(Exercise):
Read through the lines below for the string "Cargo" and copy each one that has it.

══ Excerpted records

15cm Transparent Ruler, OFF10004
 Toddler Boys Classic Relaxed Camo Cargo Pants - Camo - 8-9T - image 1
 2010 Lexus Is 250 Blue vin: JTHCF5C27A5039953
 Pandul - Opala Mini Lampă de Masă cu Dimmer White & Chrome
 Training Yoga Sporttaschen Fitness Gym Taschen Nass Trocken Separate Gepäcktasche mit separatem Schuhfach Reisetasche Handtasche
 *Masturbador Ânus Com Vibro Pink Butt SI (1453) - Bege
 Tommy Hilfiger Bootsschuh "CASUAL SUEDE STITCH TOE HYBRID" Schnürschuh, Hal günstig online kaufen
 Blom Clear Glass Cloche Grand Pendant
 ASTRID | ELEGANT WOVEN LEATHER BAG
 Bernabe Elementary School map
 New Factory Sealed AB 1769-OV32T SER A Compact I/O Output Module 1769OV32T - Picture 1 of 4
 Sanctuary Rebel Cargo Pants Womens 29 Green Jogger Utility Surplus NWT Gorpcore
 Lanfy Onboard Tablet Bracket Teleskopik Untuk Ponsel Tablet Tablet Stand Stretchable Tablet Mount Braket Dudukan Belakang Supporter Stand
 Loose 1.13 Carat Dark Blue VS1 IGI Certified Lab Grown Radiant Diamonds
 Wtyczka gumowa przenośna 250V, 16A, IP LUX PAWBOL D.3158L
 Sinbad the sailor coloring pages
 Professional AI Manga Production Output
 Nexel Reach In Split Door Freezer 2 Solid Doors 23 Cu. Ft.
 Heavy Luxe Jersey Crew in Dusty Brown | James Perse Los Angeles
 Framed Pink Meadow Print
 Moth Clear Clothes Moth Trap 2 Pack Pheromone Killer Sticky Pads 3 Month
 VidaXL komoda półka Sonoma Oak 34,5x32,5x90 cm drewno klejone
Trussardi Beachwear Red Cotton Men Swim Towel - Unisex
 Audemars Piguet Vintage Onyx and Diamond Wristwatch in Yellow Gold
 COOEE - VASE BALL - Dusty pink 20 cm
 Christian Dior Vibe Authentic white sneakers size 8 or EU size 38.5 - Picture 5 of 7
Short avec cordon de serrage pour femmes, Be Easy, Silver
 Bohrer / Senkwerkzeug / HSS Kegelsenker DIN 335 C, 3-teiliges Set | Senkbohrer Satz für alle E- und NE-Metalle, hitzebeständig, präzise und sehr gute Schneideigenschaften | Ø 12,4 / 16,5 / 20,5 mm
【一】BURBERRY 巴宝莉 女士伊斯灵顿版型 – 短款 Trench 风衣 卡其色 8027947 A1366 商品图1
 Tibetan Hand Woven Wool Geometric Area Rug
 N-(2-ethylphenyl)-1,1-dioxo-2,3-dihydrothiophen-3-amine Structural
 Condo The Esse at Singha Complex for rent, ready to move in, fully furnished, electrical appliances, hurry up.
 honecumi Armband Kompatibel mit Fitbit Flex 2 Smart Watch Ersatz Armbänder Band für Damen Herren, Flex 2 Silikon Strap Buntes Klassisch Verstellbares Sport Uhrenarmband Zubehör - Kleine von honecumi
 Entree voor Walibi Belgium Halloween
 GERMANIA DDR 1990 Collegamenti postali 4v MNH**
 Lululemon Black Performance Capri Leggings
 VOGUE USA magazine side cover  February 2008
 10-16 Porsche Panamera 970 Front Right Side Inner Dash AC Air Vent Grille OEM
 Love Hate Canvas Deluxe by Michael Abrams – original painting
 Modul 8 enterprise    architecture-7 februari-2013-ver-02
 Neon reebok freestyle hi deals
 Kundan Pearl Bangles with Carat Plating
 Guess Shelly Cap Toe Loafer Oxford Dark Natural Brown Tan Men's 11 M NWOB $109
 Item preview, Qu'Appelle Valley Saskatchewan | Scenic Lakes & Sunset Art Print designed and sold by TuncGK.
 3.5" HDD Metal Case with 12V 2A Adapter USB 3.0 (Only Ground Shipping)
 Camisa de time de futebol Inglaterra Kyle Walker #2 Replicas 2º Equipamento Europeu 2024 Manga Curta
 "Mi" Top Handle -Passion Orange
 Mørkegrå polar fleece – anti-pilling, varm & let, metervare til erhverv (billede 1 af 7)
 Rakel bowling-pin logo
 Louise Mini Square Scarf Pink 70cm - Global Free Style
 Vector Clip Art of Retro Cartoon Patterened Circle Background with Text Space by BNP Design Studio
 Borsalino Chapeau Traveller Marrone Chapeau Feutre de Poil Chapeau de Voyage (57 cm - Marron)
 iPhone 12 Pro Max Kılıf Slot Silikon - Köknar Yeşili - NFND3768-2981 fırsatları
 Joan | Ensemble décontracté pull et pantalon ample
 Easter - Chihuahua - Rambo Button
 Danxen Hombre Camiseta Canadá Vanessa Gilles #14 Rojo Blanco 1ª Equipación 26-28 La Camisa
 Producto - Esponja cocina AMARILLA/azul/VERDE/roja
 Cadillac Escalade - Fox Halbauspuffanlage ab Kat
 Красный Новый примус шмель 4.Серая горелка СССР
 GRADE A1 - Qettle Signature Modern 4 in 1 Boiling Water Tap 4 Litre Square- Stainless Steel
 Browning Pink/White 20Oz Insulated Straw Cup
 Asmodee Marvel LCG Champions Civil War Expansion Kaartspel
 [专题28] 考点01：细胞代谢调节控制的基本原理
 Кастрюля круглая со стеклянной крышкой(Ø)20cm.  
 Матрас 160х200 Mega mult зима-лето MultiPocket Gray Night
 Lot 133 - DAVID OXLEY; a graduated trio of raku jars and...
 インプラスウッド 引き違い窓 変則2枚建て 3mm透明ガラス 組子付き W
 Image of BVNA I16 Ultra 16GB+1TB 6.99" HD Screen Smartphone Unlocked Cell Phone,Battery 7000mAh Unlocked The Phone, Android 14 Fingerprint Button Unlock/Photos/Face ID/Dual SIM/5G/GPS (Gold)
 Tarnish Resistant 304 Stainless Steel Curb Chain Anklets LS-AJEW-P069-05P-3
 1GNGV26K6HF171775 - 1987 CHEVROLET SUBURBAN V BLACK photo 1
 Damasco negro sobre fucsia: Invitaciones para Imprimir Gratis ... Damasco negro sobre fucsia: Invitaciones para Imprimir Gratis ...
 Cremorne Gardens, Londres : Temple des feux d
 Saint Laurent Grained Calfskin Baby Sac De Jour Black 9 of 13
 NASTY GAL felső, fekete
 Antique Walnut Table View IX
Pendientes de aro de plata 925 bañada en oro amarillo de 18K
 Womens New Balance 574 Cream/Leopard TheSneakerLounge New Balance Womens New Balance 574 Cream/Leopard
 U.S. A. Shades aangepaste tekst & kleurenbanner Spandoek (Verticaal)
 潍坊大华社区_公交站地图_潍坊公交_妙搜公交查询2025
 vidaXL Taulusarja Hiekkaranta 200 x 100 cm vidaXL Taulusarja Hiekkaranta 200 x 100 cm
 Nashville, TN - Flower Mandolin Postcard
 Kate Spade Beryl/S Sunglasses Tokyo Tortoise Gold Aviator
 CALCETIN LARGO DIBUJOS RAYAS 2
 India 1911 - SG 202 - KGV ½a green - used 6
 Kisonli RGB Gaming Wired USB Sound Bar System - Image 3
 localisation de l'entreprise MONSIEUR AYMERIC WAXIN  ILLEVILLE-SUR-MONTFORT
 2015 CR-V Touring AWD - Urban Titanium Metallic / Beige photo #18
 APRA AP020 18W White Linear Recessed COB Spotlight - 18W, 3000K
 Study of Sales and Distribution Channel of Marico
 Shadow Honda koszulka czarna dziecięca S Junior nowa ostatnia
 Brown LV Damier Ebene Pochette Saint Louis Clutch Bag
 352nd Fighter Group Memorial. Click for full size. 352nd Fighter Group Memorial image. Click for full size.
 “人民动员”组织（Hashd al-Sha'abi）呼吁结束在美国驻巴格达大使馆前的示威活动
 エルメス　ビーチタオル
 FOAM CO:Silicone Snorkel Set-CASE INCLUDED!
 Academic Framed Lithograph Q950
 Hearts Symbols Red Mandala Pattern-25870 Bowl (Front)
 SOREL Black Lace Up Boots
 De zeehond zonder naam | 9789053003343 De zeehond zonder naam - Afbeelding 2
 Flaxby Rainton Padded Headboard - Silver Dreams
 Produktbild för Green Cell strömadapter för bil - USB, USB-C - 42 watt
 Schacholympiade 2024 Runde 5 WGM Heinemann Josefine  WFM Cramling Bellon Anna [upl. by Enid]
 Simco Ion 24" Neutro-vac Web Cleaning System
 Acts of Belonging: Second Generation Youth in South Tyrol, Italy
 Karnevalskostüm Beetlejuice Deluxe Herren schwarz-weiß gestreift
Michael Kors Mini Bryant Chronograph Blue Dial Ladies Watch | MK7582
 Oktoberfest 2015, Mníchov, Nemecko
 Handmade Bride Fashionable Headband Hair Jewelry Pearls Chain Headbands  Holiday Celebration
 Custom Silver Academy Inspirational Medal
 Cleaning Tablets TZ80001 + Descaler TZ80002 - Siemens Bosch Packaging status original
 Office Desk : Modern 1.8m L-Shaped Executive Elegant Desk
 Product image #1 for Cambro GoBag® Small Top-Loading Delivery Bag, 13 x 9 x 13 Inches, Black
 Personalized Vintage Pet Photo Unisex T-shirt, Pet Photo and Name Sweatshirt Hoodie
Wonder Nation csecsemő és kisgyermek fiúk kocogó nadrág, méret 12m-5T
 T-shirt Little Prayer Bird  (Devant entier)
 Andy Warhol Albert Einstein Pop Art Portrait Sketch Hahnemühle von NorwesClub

════

(Completed exercise):
 Toddler Boys Classic Relaxed Camo Cargo Pants - Camo - 8-9T - image 1
 Sanctuary Rebel Cargo Pants Womens 29 Green Jogger Utility Surplus NWT Gorpcore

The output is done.